Visiting Washington, DC

Things we learned and some suggestions about the US national capital:

1. A bus tour helps to get orientated: the red bus tour was our choice because we liked the open top - it was very good, if a little grid-locked on Friday. Monday was better. There are two other touring companies; they all seem to overlap - be ready for glorification of wars and lots of statues of dead white men. Martin Luther King is given a token location - his feet are still encased in stone, unsculpted, because "his work was unfinished".  (Alert: segregation in tourism can be seen here as the whites went to Roosevelt and Moslem/black tourists could be found at MLK.)

2. The city is clean - perhaps the cleanest city that I've ever visited.
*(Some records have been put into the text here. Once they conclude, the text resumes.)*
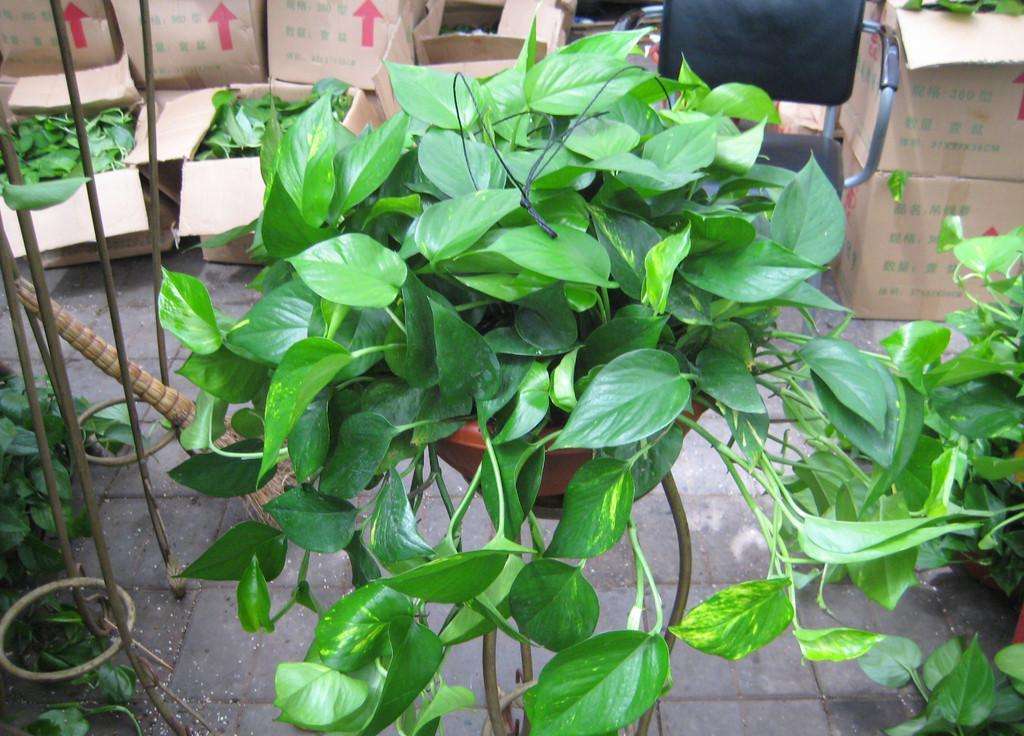 绿萝浇什么才能长得更旺盛,绿萝要怎样浇水才能长得快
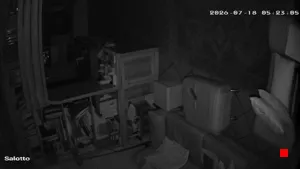 Caméra IP - IT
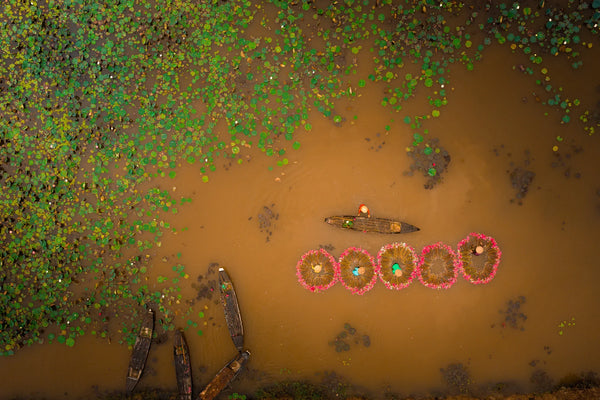 Top-down view of five circular garlands of pink water lilies arranged on brown river water, with boats and green pads along the edge.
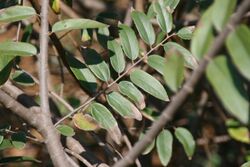 Grewia bicolor 1zz.jpg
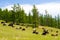 Herd of Mongolian yaks and cows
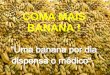 Foods   Coma Mais Banana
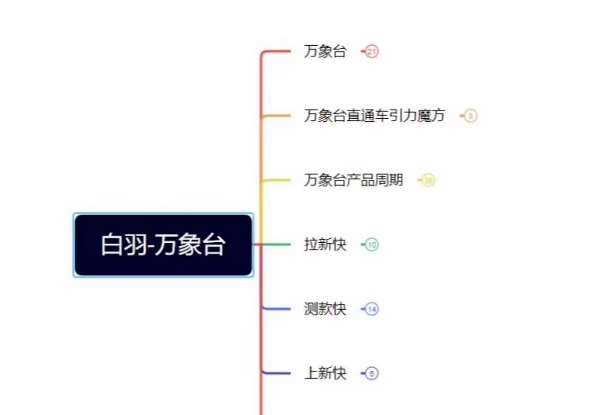 白羽·直引万搜索全篇，从0-1，多个类目实操经验总结付费-千寻创业网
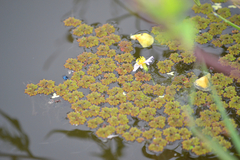 Azolla
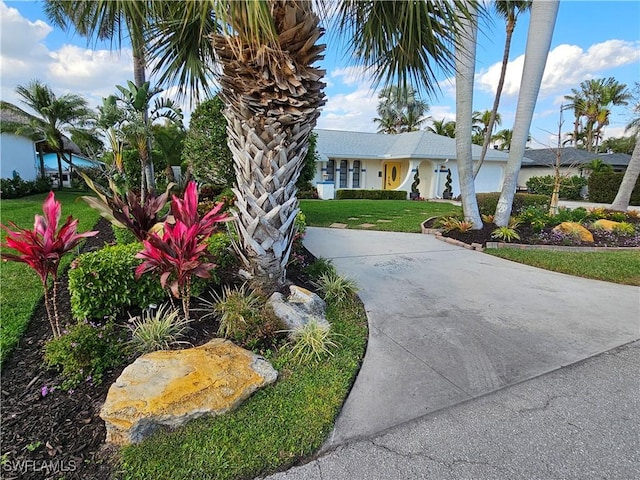 view of front of home featuring concrete driveway and a front yard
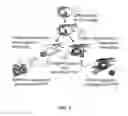 Fig. 02 - Antigen-presenting cell populations and their use as reagents for enhancing or reducing immune tolerance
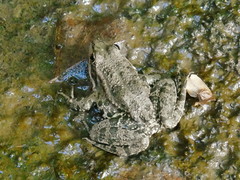 Pelophylax ridibundus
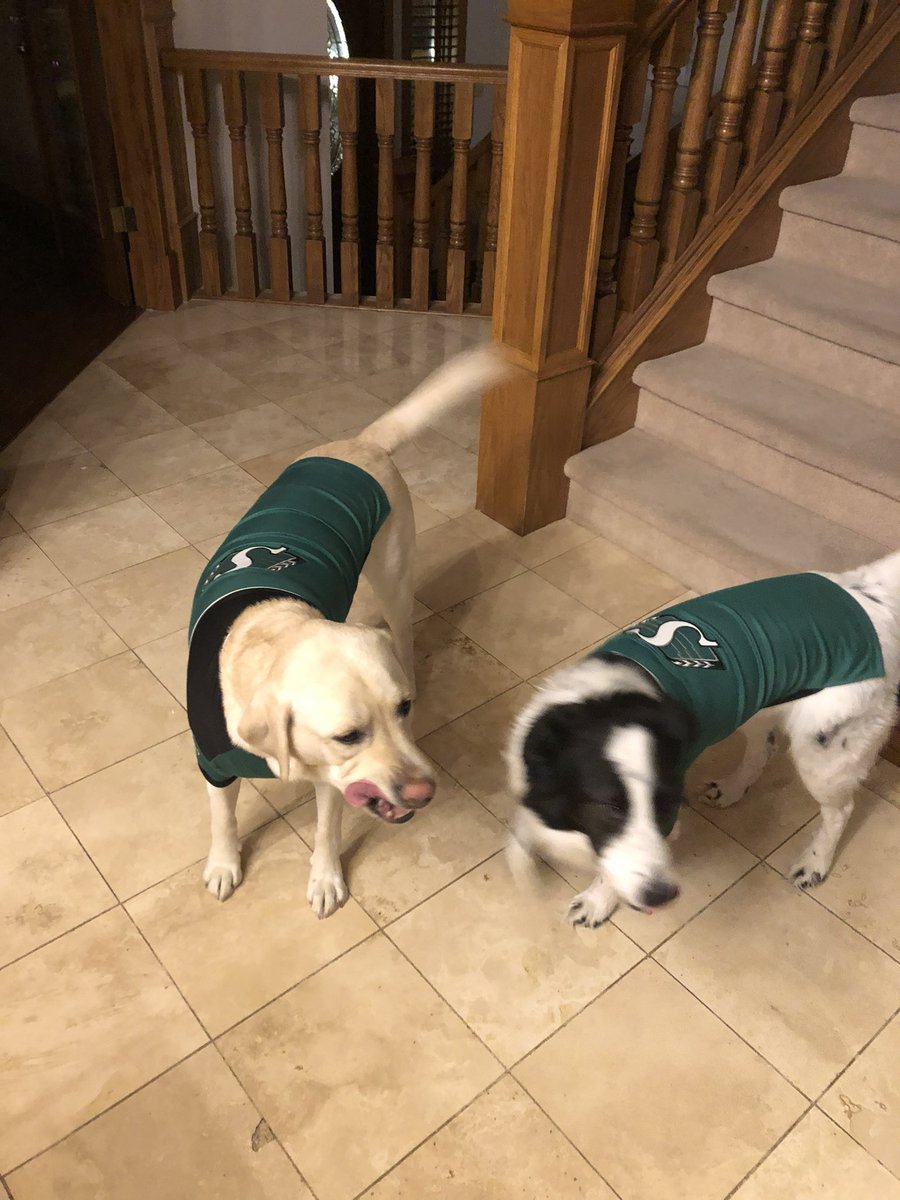 K_Fowler_74's tweet photo. @CodyFajardo17 @sskroughriders https://t.co/UOMRzLBXAQ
There are re-cycling bins everywhere but it is not clear whether people understand the purpose of separating garbage.

3. Food is expensive. We bought groceries for our breakfasts and snacks - cheese, crackers, fruit, cereal, milk, tea and coffee. $2.90 for two quarts of milk, $1.20 for a banana - US funds. 

4. Public bus and metro service is excellent! The drivers and metro service managers were very pleasant and helpful. For seniors, $1 a ride practically anywhere; everyone else $2. If we went back, we would purchase a "smartride" card which is needed for transfers - over two hours. Eating out? Expect a minimum of $15 for a salad or a sandwich. Our best deal was the American University cafeteria where that same $15 got an all-you-can-eat buffet. The menu at the German restaurant around the corner from our Airbnb listed meals at $48.

5. Smithsonian museums and galleries are free - we went to the National Arboretum (and rose garden), the National Museum of the American Indian, the National Cathedral (not free), the National Art Gallery and especially the National Museum of African American History. (Tickets for the last one are on line about four months in advance of the visit, daily tickets go up at 6:30 am - our choice - or you can stand in line at 1:00 pm.) (It was warm outside and the air conditioning was fierce - we carried extra clothes.)

6. There are lots of demonstrations and a few vigils. We went to the demonstration for health care; an experience in sharing just a little in the US underbelly with lots and lots of police presence. We saw the vigil against torture (and Guantanamo) from the bus. Probably best to leave before arrests start unless you are rich or famous enough to get media attention.

We were blessed with fantastic weather and would easily go again!